Lines to return, exactly: from the line with "Sirope de chocolate a la naranja Sirope" to the line with "Sparex Kamerasystem m/" in the entries below, both included.

● Provided data:
== Segment start ==

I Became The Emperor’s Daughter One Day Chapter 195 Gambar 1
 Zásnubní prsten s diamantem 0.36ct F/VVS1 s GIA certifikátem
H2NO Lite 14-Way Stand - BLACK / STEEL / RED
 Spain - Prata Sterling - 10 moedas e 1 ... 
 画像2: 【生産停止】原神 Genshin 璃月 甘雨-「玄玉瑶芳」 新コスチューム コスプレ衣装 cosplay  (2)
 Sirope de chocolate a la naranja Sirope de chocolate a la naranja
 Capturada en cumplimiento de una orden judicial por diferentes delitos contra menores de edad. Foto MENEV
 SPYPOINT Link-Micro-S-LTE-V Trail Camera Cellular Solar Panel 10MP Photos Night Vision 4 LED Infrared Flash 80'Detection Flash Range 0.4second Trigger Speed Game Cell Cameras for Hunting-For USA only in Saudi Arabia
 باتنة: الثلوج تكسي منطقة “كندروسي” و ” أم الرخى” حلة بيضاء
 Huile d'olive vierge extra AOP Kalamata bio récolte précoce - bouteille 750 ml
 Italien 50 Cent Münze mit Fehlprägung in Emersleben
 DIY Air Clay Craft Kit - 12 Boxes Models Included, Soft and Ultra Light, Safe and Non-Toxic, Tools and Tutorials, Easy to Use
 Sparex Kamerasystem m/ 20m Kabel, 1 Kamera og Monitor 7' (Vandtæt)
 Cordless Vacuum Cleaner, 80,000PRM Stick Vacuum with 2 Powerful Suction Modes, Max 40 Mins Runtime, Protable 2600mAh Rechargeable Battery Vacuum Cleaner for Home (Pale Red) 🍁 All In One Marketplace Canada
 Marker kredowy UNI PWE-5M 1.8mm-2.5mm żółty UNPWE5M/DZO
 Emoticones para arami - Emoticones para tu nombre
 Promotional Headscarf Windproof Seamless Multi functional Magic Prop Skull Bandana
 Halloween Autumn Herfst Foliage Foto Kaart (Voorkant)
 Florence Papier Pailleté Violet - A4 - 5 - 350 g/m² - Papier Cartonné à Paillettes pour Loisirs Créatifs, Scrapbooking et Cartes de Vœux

== Segment end ==

● Reply to the exercise:
 Sirope de chocolate a la naranja Sirope de chocolate a la naranja
 Capturada en cumplimiento de una orden judicial por diferentes delitos contra menores de edad. Foto MENEV
 SPYPOINT Link-Micro-S-LTE-V Trail Camera Cellular Solar Panel 10MP Photos Night Vision 4 LED Infrared Flash 80'Detection Flash Range 0.4second Trigger Speed Game Cell Cameras for Hunting-For USA only in Saudi Arabia
 باتنة: الثلوج تكسي منطقة “كندروسي” و ” أم الرخى” حلة بيضاء
 Huile d'olive vierge extra AOP Kalamata bio récolte précoce - bouteille 750 ml
 Italien 50 Cent Münze mit Fehlprägung in Emersleben
 DIY Air Clay Craft Kit - 12 Boxes Models Included, Soft and Ultra Light, Safe and Non-Toxic, Tools and Tutorials, Easy to Use
 Sparex Kamerasystem m/ 20m Kabel, 1 Kamera og Monitor 7' (Vandtæt)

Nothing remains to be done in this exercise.